[Records excerpted from a collection]
* * *

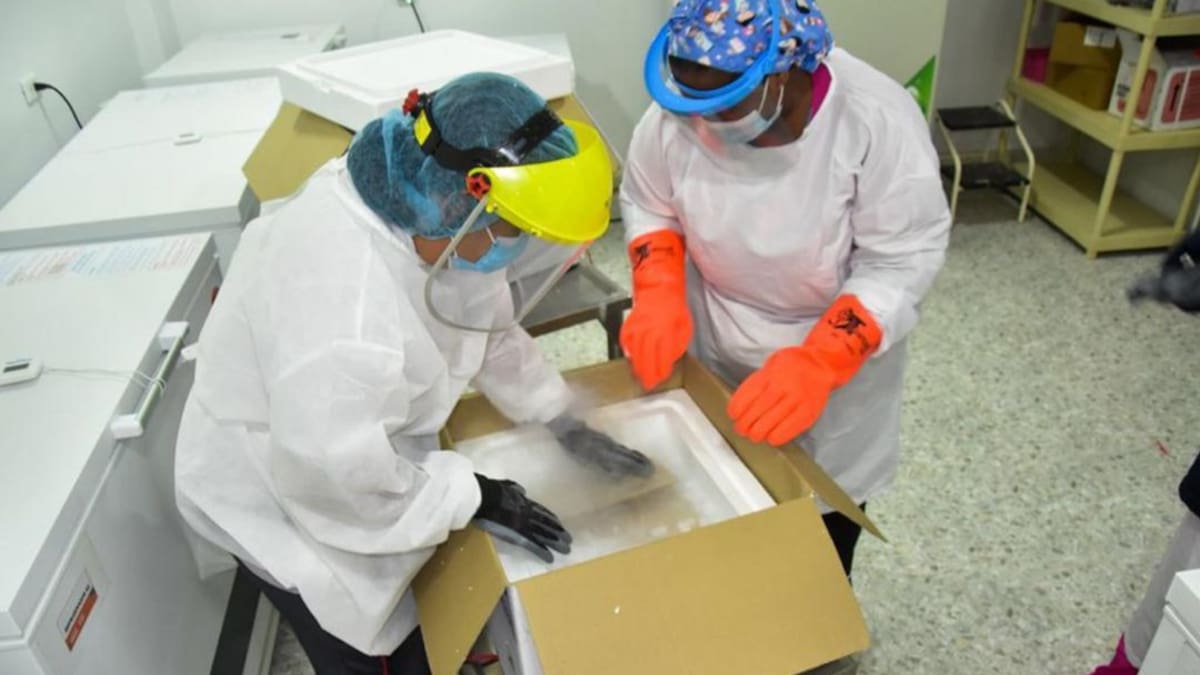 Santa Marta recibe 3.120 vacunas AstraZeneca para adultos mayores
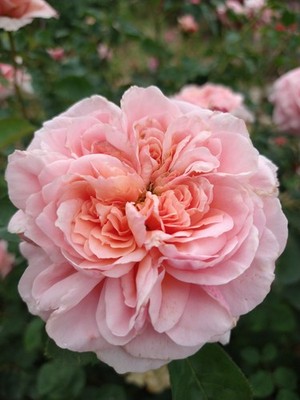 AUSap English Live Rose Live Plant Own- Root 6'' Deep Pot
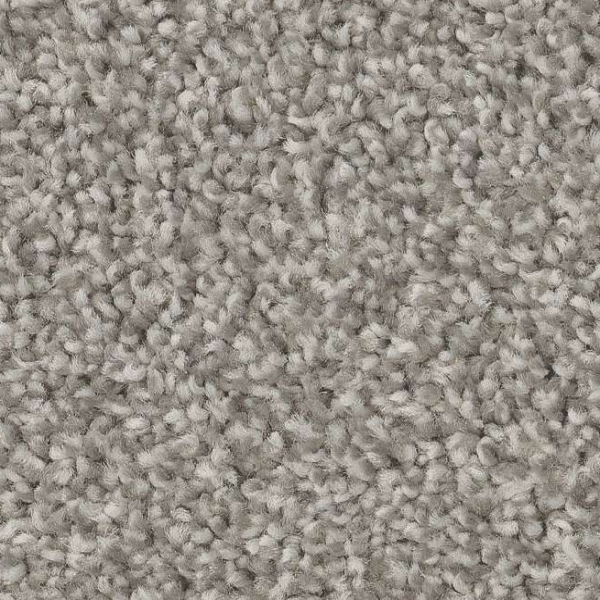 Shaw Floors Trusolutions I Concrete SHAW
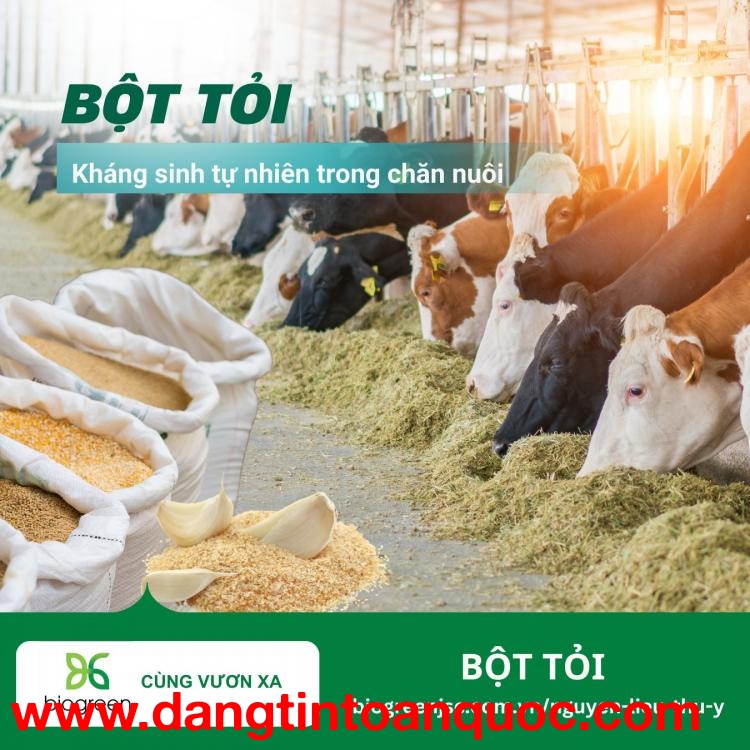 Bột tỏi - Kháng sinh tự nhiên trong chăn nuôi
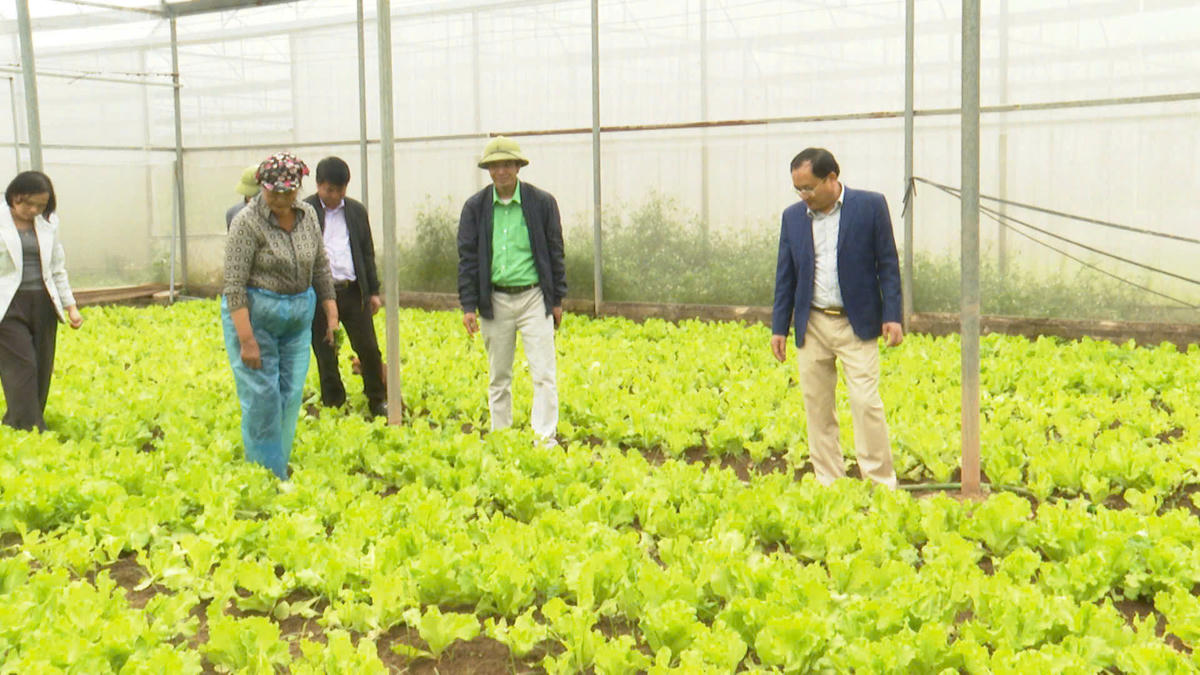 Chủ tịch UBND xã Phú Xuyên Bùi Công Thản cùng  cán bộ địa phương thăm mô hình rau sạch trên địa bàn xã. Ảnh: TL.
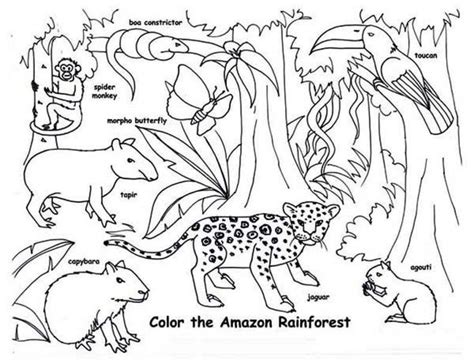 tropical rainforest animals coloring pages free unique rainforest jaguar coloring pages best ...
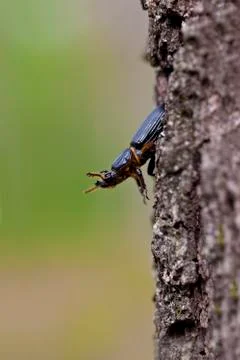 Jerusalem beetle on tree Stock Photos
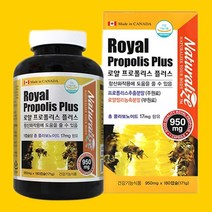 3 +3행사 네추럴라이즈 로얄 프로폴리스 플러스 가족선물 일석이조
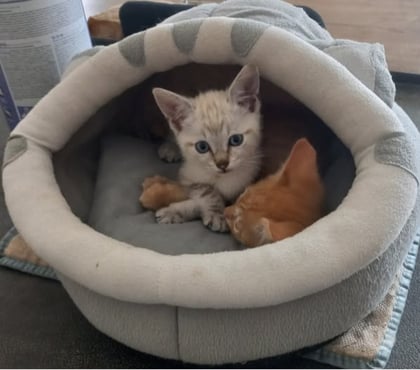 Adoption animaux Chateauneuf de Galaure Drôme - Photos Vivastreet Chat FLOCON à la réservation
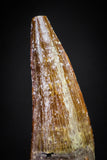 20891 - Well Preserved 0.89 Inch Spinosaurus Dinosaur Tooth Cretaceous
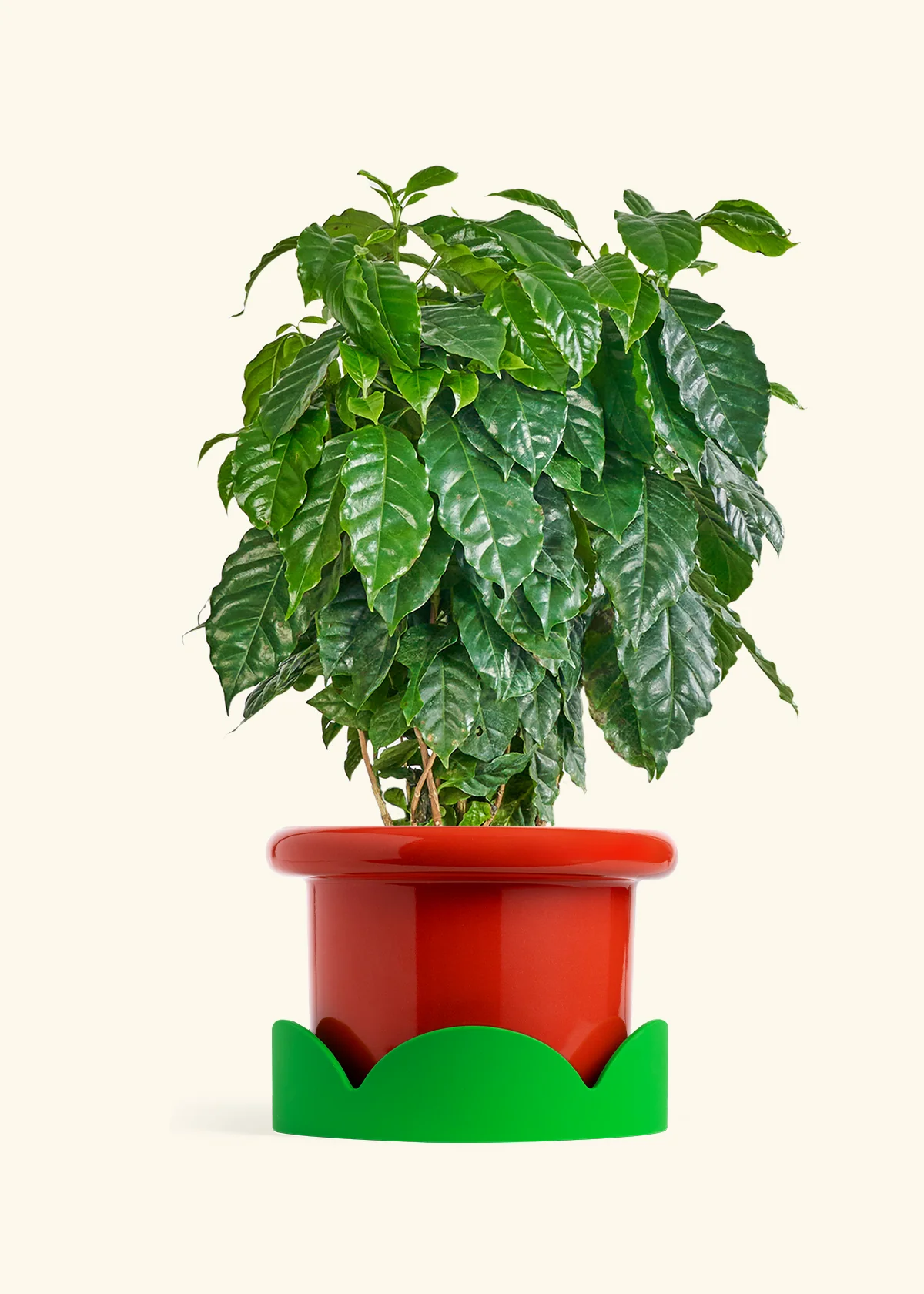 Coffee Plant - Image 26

* * *

WORK INSTRUCTION - Would you transcribe exactly, and only, the lines from the one containing "Bột tỏi - Kháng" through the last line of the records above, both included, leaving out the pictures?

ANSWER TO THE PROBLEM -
 Bột tỏi - Kháng sinh tự nhiên trong chăn nuôi
 Chủ tịch UBND xã Phú Xuyên Bùi Công Thản cùng  cán bộ địa phương thăm mô hình rau sạch trên địa bàn xã. Ảnh: TL.
 tropical rainforest animals coloring pages free unique rainforest jaguar coloring pages best ...
 Jerusalem beetle on tree Stock Photos
 3 +3행사 네추럴라이즈 로얄 프로폴리스 플러스 가족선물 일석이조
 Adoption animaux Chateauneuf de Galaure Drôme - Photos Vivastreet Chat FLOCON à la réservation
 20891 - Well Preserved 0.89 Inch Spinosaurus Dinosaur Tooth Cretaceous
 Coffee Plant - Image 26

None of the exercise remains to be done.